Dal bar dello sport, in attesa che il clima si infiammi per il big match di sabato, proviamo a spostarci un po’ in uno spazio che è a metà fra l’aula di filosofia morale, una sagrestia di paese, un consultorio per coppie sterili. Riflettevo, del tutto casualmente, sulla chiusura della Chiesa rispetto a determinati aiuti che la scienza può dare alle coppie alle quali la natura non ha concesso, per mille motivi, la gioia di diventare genitori.

Che differenza c’è, in termini sia scientifici che etico-morali, fra le tecniche e gli strumenti con cui si lotta contro la morte e quelle/i per mezzo di cui si prova a generare vita?

Che differenza sussiste, ad esempio, fra le terapie anti-cancro e le pratiche di fecondazione assistita?

L’assunto di base è che solo Dio, ATTRAVERSO la Natura – pur senza arrivare ad accenni di spinozismo -, possa donare la vita: ciò ne fa, penso di non forzare l’argomentazione, il dominus, il padrone assoluto della stessa.

Il medesimo principio non DEVE valere anche, mi chiedo, sul versante del fine vita?
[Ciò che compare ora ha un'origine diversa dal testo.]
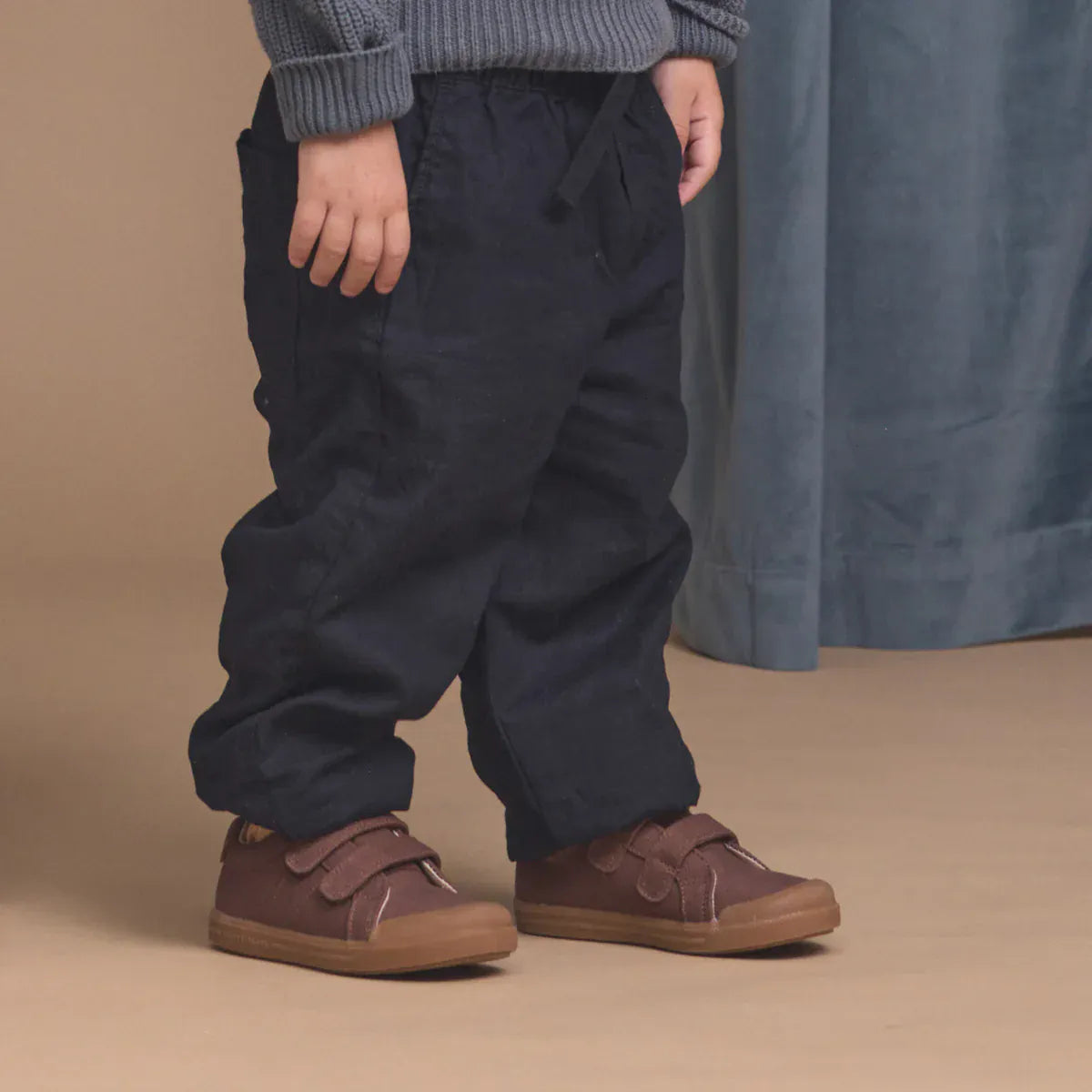 Pretty Brave Boys Shoes Otto Canvas Chocolate Sneakers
In fondo, per quel che riguarda l’eutanasia la Chiesa è coerente con se stessa, in quanto afferma che l’uomo non può arrogarsi il diritto di stabilire se e quando sia giunto, per un suo simile, il momento di morire. Ma con le cure che pongono l’uomo in lotta strenua contro la morte, come la mettiamo?

Non è, Dio, dominus, padrone della vita anche nel momento – certo drammatico – in cui essa si conclude? Si può ammettere, senza un cedimento che immagino sarebbe prima religioso, ma che a me pare indiscutibilmente anche filosofico, che esista un segmento, ancorché minimo, della vita su cui il potere assoluto di Dio venga meno, nella sostanza delle cose lasciando all’uomo la possibilità di assumere un ruolo suppletivo? Credo di no, perché si rischierebbe di inficiare la assoluta e sovrana onnipotenza dell’Ente supremo: l’uomo, in soldoni, non deve poter mai fare da supplente a Dio.

Anzi, a ben guardare, non si tratta neppure di un ruolo suppletivo.

Non dovremmo sostenere, piuttosto, che l’uomo che inventa la chemioterapia si contrappone forse a Dio nella stessa misura in cui lo fa colui che cerca di disserrare con la forza del proprio ingegno quei cancelli dell’accesso alla vita che, per ragioni imperscrutabili, la Natura ha chiuso, sbattendoglieli in faccia, (solo) ad alcuni esseri umani?

Non promanano entrambe, vita e morte, dalla volontà dell’Altissimo? Dover accettare che un essere umano muoia per una malattia incurabile, non è la stessa cosa che dover accettare che un uomo ed una donna non possano essere chiamati papà e mamma?

<<Ma che c’entra?>>, mi si dirà. <<Le cure mediche sono una cosa buona, sono il portato di un corretto uso dei doni intellettuali che Dio ci ha concesso: con le cure mediche, in fondo, si evitano e si combattono dolori strazianti>>.

Perché – mi sento di rispondere -, i tormenti dell’animo di chi vorrebbe veder nascere, crescere ed accompagnare una vita e non può farlo cosa sono? Non sono dolori anche quelli?

P.S. Queste (lunghe e noiose) riflessioni nascono prive di qualsivoglia intento polemico: mi piacerebbe, anzi, che qualcuno mi aiutasse a chiarirmi le idee su quella che ritengo, sotto svariati punti di vista, una clamorosa incoerenza.